+++ Supplied records
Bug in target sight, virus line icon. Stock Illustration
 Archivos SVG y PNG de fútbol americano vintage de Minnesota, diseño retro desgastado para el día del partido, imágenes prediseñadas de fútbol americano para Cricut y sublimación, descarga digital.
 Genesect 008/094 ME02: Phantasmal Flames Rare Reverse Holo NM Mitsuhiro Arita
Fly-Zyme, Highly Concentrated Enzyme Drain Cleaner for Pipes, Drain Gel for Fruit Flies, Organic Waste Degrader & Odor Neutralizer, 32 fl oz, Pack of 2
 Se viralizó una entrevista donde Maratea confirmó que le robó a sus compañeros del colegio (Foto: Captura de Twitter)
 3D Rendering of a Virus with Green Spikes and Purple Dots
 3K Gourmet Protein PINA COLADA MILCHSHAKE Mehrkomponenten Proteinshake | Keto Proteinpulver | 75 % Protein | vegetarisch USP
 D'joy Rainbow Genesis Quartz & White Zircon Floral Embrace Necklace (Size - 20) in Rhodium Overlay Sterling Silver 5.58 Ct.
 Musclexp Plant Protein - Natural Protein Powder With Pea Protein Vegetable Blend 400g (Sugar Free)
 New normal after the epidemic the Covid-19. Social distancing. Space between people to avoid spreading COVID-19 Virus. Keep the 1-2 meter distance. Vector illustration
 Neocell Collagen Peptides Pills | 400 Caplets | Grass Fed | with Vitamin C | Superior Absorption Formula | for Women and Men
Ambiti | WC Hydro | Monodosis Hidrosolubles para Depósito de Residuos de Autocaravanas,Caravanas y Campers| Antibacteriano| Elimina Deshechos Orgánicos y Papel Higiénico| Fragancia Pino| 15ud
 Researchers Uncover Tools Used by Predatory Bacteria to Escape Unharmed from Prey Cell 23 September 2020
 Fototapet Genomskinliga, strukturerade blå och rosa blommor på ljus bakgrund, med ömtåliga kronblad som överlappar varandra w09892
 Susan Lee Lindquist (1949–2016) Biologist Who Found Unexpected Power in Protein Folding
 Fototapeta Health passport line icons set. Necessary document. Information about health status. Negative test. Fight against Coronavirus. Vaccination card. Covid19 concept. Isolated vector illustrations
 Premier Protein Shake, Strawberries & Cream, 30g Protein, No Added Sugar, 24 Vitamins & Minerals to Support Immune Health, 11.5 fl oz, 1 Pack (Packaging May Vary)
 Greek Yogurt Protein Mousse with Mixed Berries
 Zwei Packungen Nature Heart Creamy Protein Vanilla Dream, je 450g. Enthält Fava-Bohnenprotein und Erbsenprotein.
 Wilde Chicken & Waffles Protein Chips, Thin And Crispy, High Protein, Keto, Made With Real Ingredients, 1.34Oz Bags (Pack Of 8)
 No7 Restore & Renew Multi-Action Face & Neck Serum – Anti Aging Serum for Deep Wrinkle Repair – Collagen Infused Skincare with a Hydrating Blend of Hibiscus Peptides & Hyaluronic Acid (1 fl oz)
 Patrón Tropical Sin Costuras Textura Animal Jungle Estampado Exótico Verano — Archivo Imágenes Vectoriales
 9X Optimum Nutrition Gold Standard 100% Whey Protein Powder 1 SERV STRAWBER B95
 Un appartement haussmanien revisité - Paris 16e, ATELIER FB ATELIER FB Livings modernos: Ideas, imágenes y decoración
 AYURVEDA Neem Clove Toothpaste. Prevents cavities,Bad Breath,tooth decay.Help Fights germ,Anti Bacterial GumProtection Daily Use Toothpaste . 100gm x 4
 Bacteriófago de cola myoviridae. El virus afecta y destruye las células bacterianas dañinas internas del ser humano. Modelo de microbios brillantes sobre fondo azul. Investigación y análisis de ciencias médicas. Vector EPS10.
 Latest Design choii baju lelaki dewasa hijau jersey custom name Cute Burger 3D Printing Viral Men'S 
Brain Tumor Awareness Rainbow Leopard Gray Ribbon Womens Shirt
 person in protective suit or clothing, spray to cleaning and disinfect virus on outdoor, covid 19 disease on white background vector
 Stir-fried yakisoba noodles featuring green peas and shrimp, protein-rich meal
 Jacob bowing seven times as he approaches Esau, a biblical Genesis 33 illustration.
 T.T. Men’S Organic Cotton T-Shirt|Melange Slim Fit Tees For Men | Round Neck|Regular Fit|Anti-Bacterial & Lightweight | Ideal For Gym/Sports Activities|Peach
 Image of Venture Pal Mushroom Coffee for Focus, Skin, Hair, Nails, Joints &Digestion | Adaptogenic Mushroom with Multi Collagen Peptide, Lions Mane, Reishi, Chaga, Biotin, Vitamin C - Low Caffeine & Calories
++++++
## To do
Only the line containing "Bacteriófago de cola" and the lines after it, through the end of the data, should be copied, exactly as they are.

## Your response
 Bacteriófago de cola myoviridae. El virus afecta y destruye las células bacterianas dañinas internas del ser humano. Modelo de microbios brillantes sobre fondo azul. Investigación y análisis de ciencias médicas. Vector EPS10.
 Latest Design choii baju lelaki dewasa hijau jersey custom name Cute Burger 3D Printing Viral Men'S 
Brain Tumor Awareness Rainbow Leopard Gray Ribbon Womens Shirt
 person in protective suit or clothing, spray to cleaning and disinfect virus on outdoor, covid 19 disease on white background vector
 Stir-fried yakisoba noodles featuring green peas and shrimp, protein-rich meal
 Jacob bowing seven times as he approaches Esau, a biblical Genesis 33 illustration.
 T.T. Men’S Organic Cotton T-Shirt|Melange Slim Fit Tees For Men | Round Neck|Regular Fit|Anti-Bacterial & Lightweight | Ideal For Gym/Sports Activities|Peach
 Image of Venture Pal Mushroom Coffee for Focus, Skin, Hair, Nails, Joints &Digestion | Adaptogenic Mushroom with Multi Collagen Peptide, Lions Mane, Reishi, Chaga, Biotin, Vitamin C - Low Caffeine & Calories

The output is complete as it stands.